Let ABCD be a trapezoid, with AB parallel to CD.
Draw the diagonals AC and BD and let them cross at O.
Draw the line through O parallel to AB, and let it cross AD and BC
at F and G respectively.

Let a = length of AB, b = length of CD and c = length of FG.
We are asked to express c in terms of a and b.

Draw the line KL through O perpendicular to AB.

Triangle OKB is similar to triangle OLD, so OK/OL = OB/OD,
and triangle OBA is similar to triangle ODC, so OB/OD = AB/CD = a/b.
Hence OK/OL = a/b, and so OK = KL * a/(a+b) and OL = KL * b/(a+b).

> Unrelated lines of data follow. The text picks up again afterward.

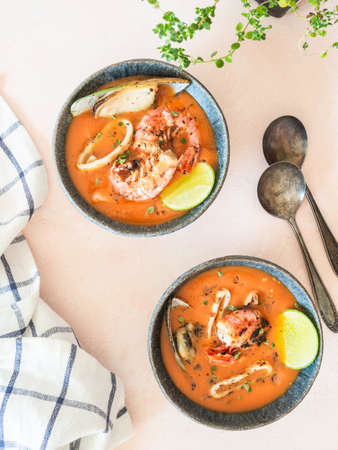 Seafood tomato soup in blue ceramic bowls. Mediterranean cuisine. Close up. Top view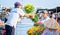 Farmers sell chrysanthemums on the river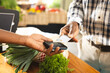 © Wavebreak Media - Senior african american man paying with credit card at health food organic grocery shop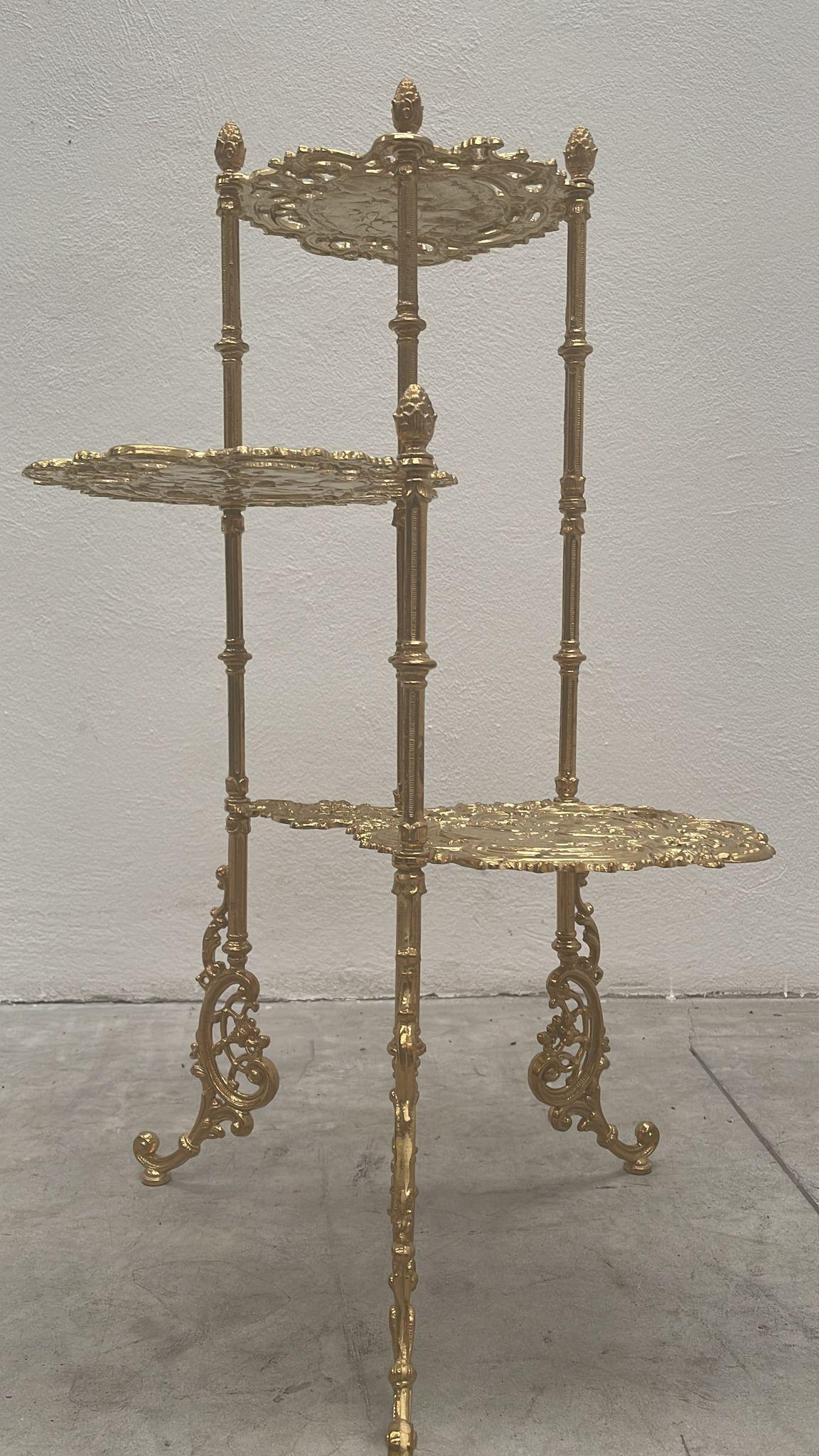 Detailed 3-tier table/column in polished brass. 1970ties. Inspired by Robert Caribbean. Mice Design of Rugiano Domenico 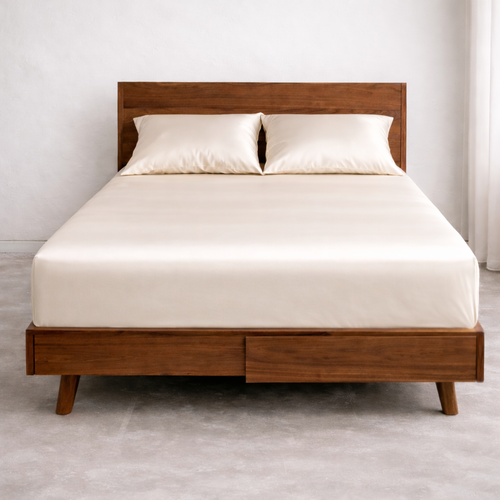 Luxury king size bed with breathable fitted eucalyptus sheet in white ivory for cool and dry sleep comfort.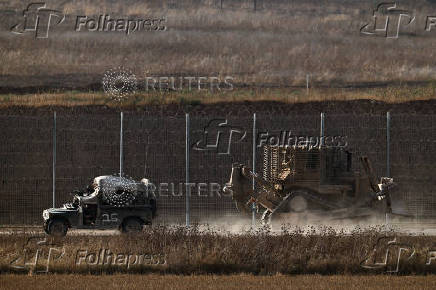An Israeli military vehicle and D9 bulldozer operate on the Israeli side of the Israel-Gaza border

The area of ABCD = (a + b)*KL/2, and this must equal the area of
ABFG plus the area of FGDC.
But the area of ABFG = (a + c)*OK/2 = a(a+c)*KL/2(a+b), and the
area of FGDC = (c + b)*OL/2 = b(b+c)*KL/2(a+b).
Hence:

(a+b)/2 = a(a+c)/2(a+b) + b(b+c)/2(a+b)

a^{2} + 2ab + b^{2} = a^{2} + (a+b)c + b^{2}

c = 2ab/(a+b)

We can write this as 1/c = (1/a + 1/b)/2, showing that c is in fact
the harmonic mean of a and b!